Leveraging a Digital Platform

Digitization can begin early in a consumer’s homebuying process with online primers on the purchasing process and interactive tools to analyze buying readiness, says Rick Lang, vice president of Freddie Mac’s Loan Advisor platform. From there, more sophisticated technology is available to handle the mortgage application and underwriting processes. Even alternatives to traditional appraisals can be conducted digitally, by analyzing historical data and public records to size up collateral risk and valuations, he says.

These technologies eliminate the need for in-person meetings, paper shuffling and manual data transcription, potentially reducing costs by 25 percent or more and shaving weeks off of a transaction’s time frame, adds Dan Ashdon, vice president of product capability at Freddie Mac.

If leveraged wisely, these tools can also help clear the way to homeownership for consumers who have traditionally posed a big challenge for mortgage lenders, such as people with no W-2 income, little to no credit history or limited liquidity to put down a 20 percent down payment on a home. The age-old process of compiling documents, culling data and crunching numbers is particularly cumbersome and risky when credit issues and income complications are in play. Digitization provides speedy analysis of potential borrowers’ ability to afford a mortgage and improves the accuracy of the process.

“With a manual process, omissions could be overlooked or take hours to uncover,” Lang says. “A digital system will flag it instantly.”

Furthermore, lenders, particularly bank lenders, have troves of data on depository customers, the kind of data that nonbanks have to pay for. Surprisingly, only 10 percent to 15 percent of consumers have mortgages with their depository bank, Lang says. But banks can potentially increase that percentage by leveraging data to reach out to depository customers and proudly marketing the benefits of their digital platforms.

Going for Growth

The big prize for traditional lenders who are savvy about leveraging digital capabilities is the ability to compete for business among Millennials, many of whom are in the early stages of savings, are self-employed and have short credit histories. Millennials have been notoriously slow to step into the housing market. Just 37 percent are homeowners — 8 percentage points fewer than Gen Xers and Baby Boomers when they were at the same 25- to 34-year-old age range, according to the Urban Institute, a social and economic policy think tank.

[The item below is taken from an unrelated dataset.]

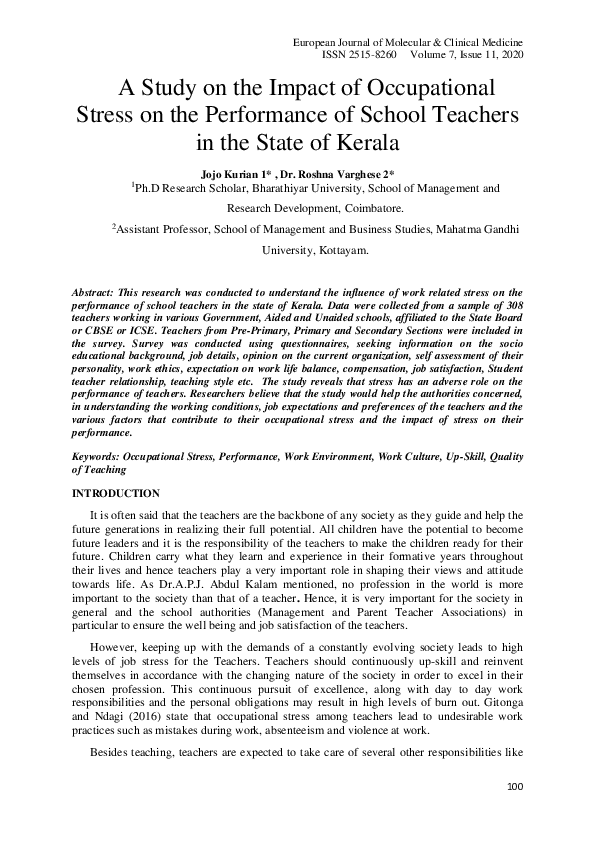 (PDF) A Study on the Impact of Occupational Stress on the Performance ...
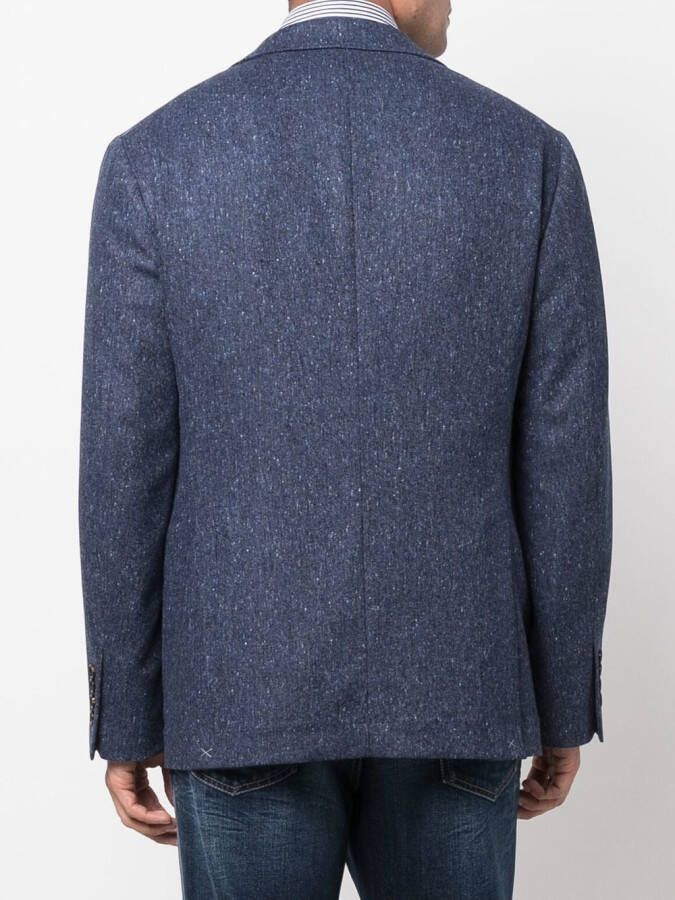 Brunello Cucinelli Blazer met enkele rij knopen Blauw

It’s not that they’re slackers — one-third of the U.S. labor force is made up of this generation, born between 1981 and 1997. But they came of age during the 2008 housing crisis and recession. A wariness, combined with hefty student loan debt and marriages later in life, has kept many of the 56 million Millennial workers on the sidelines of homeownership.

As they trickle in, this tech-savvy generation is likely to have little tolerance for a lengthy face-to-face and paper-heavy mortgage process, Lang says.

Indeed, consumer expectations are high across the board, and traditional business hours are a thing of the past. “Real time is the new standard,” says Suzanne Dann, general manager at Avanade, Inc., a global digital innovator for businesses worldwide and joint venture between Microsoft and Accenture. “The expectation is consumers can get an answer to any question and get served relevant and timely content to make a decision or execute a transaction any time of day without talking to a person, much less visiting a physical location.”

Going digital is a journey that requires lenders to rethink their business, including processes, talent and how they measure success, Dann says. “Companies that embrace digital transformation can create more targeted and personalized consumer interactions, modernize their business operations and ultimately gain efficiency.”